Moss has done her research. But research too easily translates into less than fully-imagined characters and this play comes over as yet another made-to-measure example of what’s becoming the ‘Everyman play’. It’s not bad; there are plenty of laughs, the emotions are direct and the actors in Sue Dunderdale’s highly efficient production know how to do the laughter and the pity.

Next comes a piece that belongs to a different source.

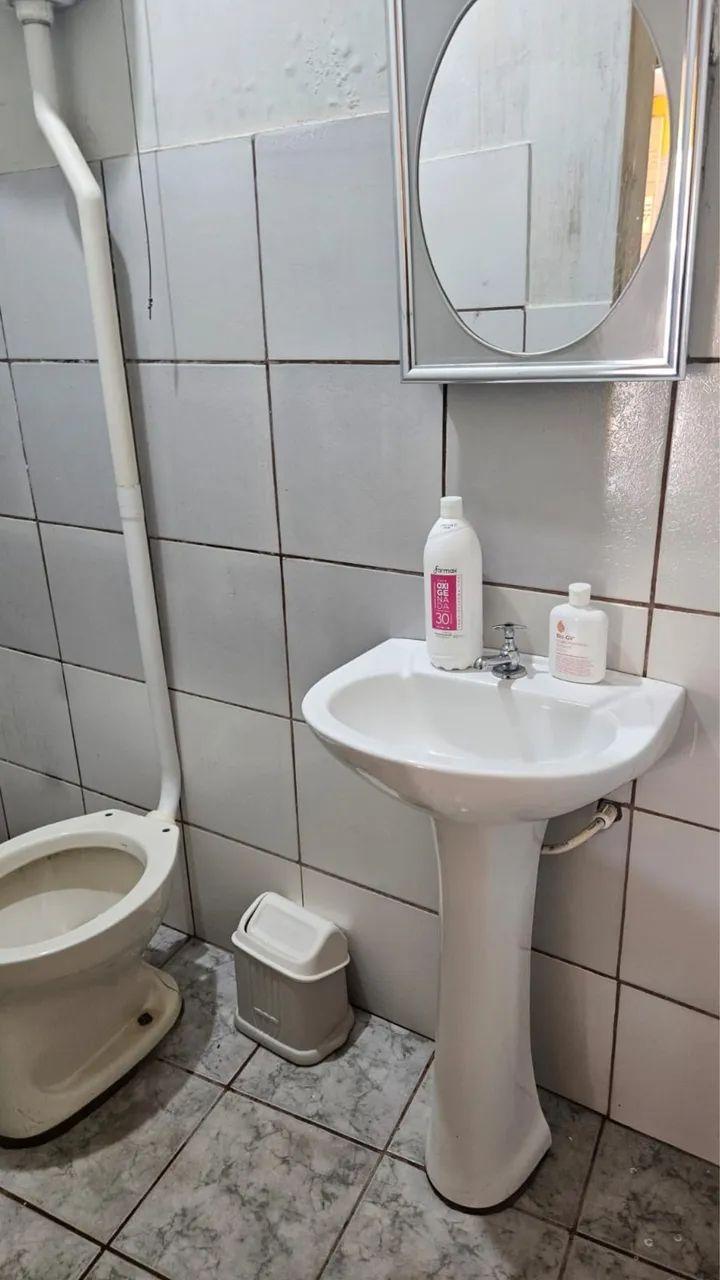 Casa à venda em Jardim Finotti, Uberlândia — foto 5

Bob Bailey’s set artfully combines house and mobile home (a couple of wheel-arches diagonally midway creating a focus for the latter, the set being flexibly used in the manner of early Ayckbourn). The last words, like the first, go to the young – this time Ellie and Bobby. But the ending still seems manufactured and formulaic compared with Moss’s earlier plays. The Everyman needs to venture beyond laughs and tears in emotionally-deprived margins if its new play policy isn’t to become a repository of all-too-predictable dramatic cliché.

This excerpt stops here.